Dans une lettre au vitriol, la Fédération des commissions scolaires attaque sa position «peu documentée, partielle, populiste et empreinte de préjugés et de clichés» sur le système scolaire.

La Fédération, comme huit autres groupes dans le secteur de l'éducation, a eu, au cours des derniers jours, des rencontres privées pendant lesquelles M. Legault lui a donné les principales orientations que compte adopter la Coalition pour l'avenir du Québec, qu'il dirige avec l'homme d'affaires Charles Sirois.

La Presse a révélé samedi que M. Legault veut retirer la permanence aux enseignants. Il promet, en revanche, d'importantes hausses salariales, de l'ordre de 20%, mais à la condition que les résultats des classes s'améliorent. Aussi, il propose que les professeurs soient engagés par les directeurs d'école pour des contrats de trois à cinq ans. Ces directeurs d'école seraient, eux, choisis par les parents et payés en fonction de leur performance. Finalement, les commissions scolaires seraient abolies et remplacées par 20 agences régionales, un modèle déjà utilisé en santé.

La présidente de la Fédération des commissions scolaires, Josée Bouchard, ne mâche pas ses mots dans la lettre qu'elle a fait parvenir la semaine dernière à M. Legault.

«Je ne peux m'empêcher de vous témoigner ma profonde déception face à la vision de l'éducation que vous m'avez exposée lors de notre rencontre du 30 mars dernier.

«Il est tout à fait désolant de voir un ex-ministre de l'Éducation témoigner d'une vision aussi peu documentée, partielle, populiste, empreinte de préjugés et de clichés sur notre système d'éducation, au nom d'une efficacité qui ne peut conduire qu'à un éloignement des parents des lieux de décisions en éducation et à une iniquité inacceptable dans les services aux élèves.

«Belle justice sociale! Bel avenir pour les enfants du Québec!» lance-t-elle.

D'autres groupes - la Fédération des comités de parents et la CSD - comptent prochainement dénoncer publiquement la plateforme de la Coalition.

Mme Bouchard poursuit pour «réaffirmer l'opposition des commissions scolaires à un nouveau débat de structures sur notre système public d'éducation qui a surtout besoin de valorisation et non pas de démolition».
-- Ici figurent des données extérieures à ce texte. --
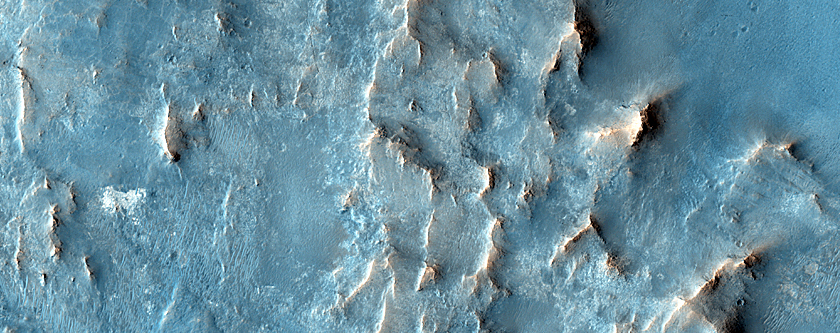 Possible Quartz-Rich Terrain in Antoniadi Crater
«Votre position n'est rien de moins qu'anti-système public d'éducation, anti-parents, anti-commissions scolaires, anti-développement régional, bref, anti-équité et surtout antidémocratique au nom de la prédominance du privé dans la gestion des programmes publics.»

Pour elle, le plan Legault signifie «rien de moins que de mettre en place un réseau de 3000 établissements publics sur le modèle des écoles privées».

Les directeurs écorchés

La Fédération n'est pas plus tendre envers Chantal Longpré, présidente de la Fédération québécoise des directions d'établissements d'enseignement. La représentante des directeurs d'école a cautionné la Coalition dès le premier jour et se trouvait aux côtés de M. Legault durant une bonne partie de ses rencontres.
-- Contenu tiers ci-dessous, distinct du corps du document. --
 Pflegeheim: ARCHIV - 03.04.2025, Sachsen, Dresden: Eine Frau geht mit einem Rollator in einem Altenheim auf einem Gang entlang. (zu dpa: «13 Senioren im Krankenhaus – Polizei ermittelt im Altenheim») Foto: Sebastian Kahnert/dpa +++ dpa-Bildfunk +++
Pour Mme Bouchard, cette participation entretient «une confusion des genres» qui suscite un profond malaise.

«François Legault nous a clairement affirmé, en votre présence, qu'il se joindrait à un parti politique ou qu'il fonderait un parti pour mettre de l'avant ses idées, rappelle Mme Bouchard.Quelle ne fut pas ma surprise de constater que la présidente d'une association qui représente 2000 directions d'établissement public endossait sans sourciller une vision qui dénigre autant notre système public d'éducation, une vision teintée de clichés, de perceptions personnelles erronées pour justifier soi-disant une plus grande efficacité du réseau de l'éducation», écrit-elle à Mme Longpré.

Pour Mme Bouchard, pas question que les commissions scolaires participent dans ce contexte au congrès des directeurs d'école. «À moins que vous ne clarifiiez cette situation hors de tout doute très prochainement, vous me voyez dans l'impossibilité d'accepter votre invitation à participer à votre congrès "Révéler son identité d'artiste en équilibre", qui traduit assez bien la situation dans laquelle, personnellement, vous vous retrouvez actuellement», conclut, ironique, la présidente de la Fédération des commissions scolaires.